Open questions / next experiments

  • Two-mode v1.5: 12-pitch chromatic vocabulary. Expand the pitch alphabet to a full chromatic octave (or two). The qualitative claim should still hold but with worse pitch-accuracy ceiling. Useful for the v2 ByteDMD instrumentation since it inflates the cost of the pitch head.
  • Vanilla RNN baseline. The blues progression has a period of 96 steps. A vanilla RNN at this depth should fail to keep the chord stable beyond a few bars. We did not include the comparison run in this stub (added cost ≈ 2 s); a future PR could add it as a one-flag toggle, in the same shape as adding_problem.py --rnn.

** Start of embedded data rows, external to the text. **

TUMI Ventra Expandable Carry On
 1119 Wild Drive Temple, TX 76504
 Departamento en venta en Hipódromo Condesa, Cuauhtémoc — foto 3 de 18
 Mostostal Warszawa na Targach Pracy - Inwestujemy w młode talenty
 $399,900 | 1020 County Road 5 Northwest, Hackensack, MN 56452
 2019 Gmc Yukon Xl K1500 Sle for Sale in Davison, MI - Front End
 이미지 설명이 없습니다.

  • Multi-chorus rollout. The 2002 paper reports the LSTM stays on the chord progression for hundreds of bars. The current stub generates one chorus (96 steps); a longer rollout would test long-horizon stability, particularly under chord_temperature > 0.
  • Why pitch-acc plateaus at 0.37. The achievable ceiling depends on the corpus generator (rest_prob_weak, chord_tone_strength, beat-1/5 weighting). A small ablation could confirm pitch-acc tracks the corpus entropy and is not a model-capacity bottleneck.
  • Melody emphasis variation. Eck & Schmidhuber 2002 also describe more melodically-shaped training data. Our hand-coded melodies are pentatonic-flavoured but not phrase-shaped (no anticipation, no resolution to root on bar 12). A v1.5 corpus generator with phrase-level structure would let us test whether the LSTM picks it up.
  • Citation gap on the original IDSIA report. The IDSIA-07-02 PDF is not always retrievable. Our reconstruction follows the published NNSP 2002 abstract and Eck’s later journal pieces.